- Born: Robert Foster Charles Conners December 12, 1933 Clearfield, Pennsylvania, U.S.
- Died: November 23, 2014 (aged 80) Marco Island, Florida, U.S.
- Education: Ohio State University
- Spouse: Linda Conners
- Children: 4
- Career
- Show: Bob Conners in the Morning (1978–2011)
- Stations: WTVN-AM, Columbus, Ohio
- Show: BC's Saturday Morning Open Phones
- Stations: WTVN-AM, Columbus, Ohio
- Style: Morning radio

= Bob Conners =

American radio personality

Robert Foster Charles Conners (December 12, 1933 – November 23, 2014), known professionally as Bob Conners, was an American radio personality on Columbus, Ohio's AM radio station 610 WTVN. On his retirement in 2011, he had been on the air in Columbus for over forty years, 33 of them as WTVN morning show host. In total, his broadcasting career lasted more than 60 years.

==Early life==
Conners was born in Clearfield, Pennsylvania on December 12, 1933, to Robert Charles and Zona (née Foster) Conners. He graduated from St. Marys Central Catholic High School in St. Marys, Pennsylvania in 1952.

==Career==
Conners began his broadcasting work while in high school at WKBI in St. Marys and continued at WJET in Erie, Pennsylvania. He served in the United States Army from 1956 to 1958, then resumed broadcasting roles at KSON and KDEO in San Diego, California, and WEEP in Pittsburgh, Pennsylvania. He began his career at WTVN in 1964 after moving to Columbus from Pittsburgh. After a three-year interlude as the afternoon presenter at WBNS-AM in Columbus from 1973 to 1976, he returned to WTVN where he was named morning show host in 1978.

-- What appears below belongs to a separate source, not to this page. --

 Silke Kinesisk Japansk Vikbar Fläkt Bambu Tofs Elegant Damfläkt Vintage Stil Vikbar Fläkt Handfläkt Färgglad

===Bob Conners in the Morning===
Prior to Conners' 2011 retirement, Bob Conners in the Morning aired weekday mornings from 5:35 a.m. to 9 a.m. His show had been a mainstay of Columbus radio since 1979. The show interspersed news, weather, and traffic reports between segments discussing issues of varied interest, as well as interviews with authors and local personalities.

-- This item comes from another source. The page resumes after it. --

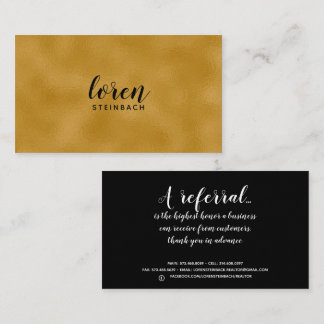 Gold Foil Referral Business Card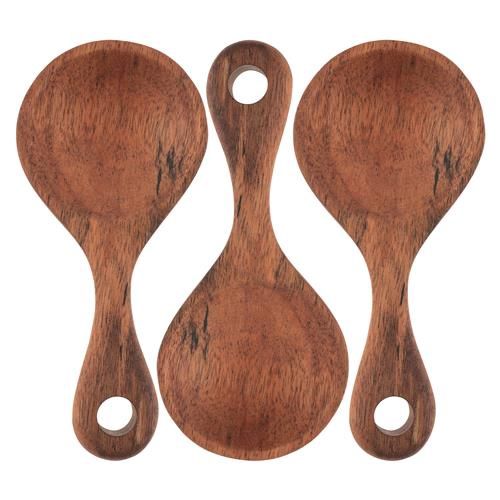 SHORT WOOD SERVING SPOONS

===BC's Saturday Morning Open Phones===
On BC's Saturday Morning Open Phones, callers could speak about any topic, whether a simple announcement of a charity event or a minutes-long political rant. There were several regular callers who bantered with Conners over politics or the latest Ohio State University football game. BC's Saturday Morning Open Phones aired Saturdays on WTVN from 6:00 a.m. to 10:00 a.m.

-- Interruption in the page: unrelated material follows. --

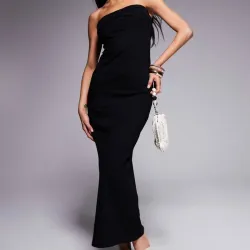 Vestido largo Cruzado Negro Strapless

During the last several years of his WTVN career, Conners performed his show during the winter months remotely from a studio installed in his second home in Marco Island, Florida.

==Personal life==
According to his obituary, Conners had a lifelong interest in aviation and was an instrument-rated pilot. He earned his bachelor's degree in Aviation and Communications from Ohio State University in 1986. He was a member of the Commemorative Air Force and served as announcer for many air shows at Rickenbacker Air National Guard Base near Columbus.

==Retirement and death==
On October 24, 2011, Conners announced that he would be retiring and his last official day on-air would be November 30, 2011.

His retirement was marked by a statement on the floor of the US Congress by Representative Pat Tiberi of Ohio's 12th Congressional District. At the time he indicated he planned to continue to live with his family in the Eastmoor neighborhood of Columbus most of the year.

On November 24, 2014, the station announced Conners' death of mantle cell lymphoma at his winter home in Marco Island the previous day at the age of 80. He was survived by his wife of 37 years, Linda, and four children, 13 grandchildren and 3 great-grandchildren.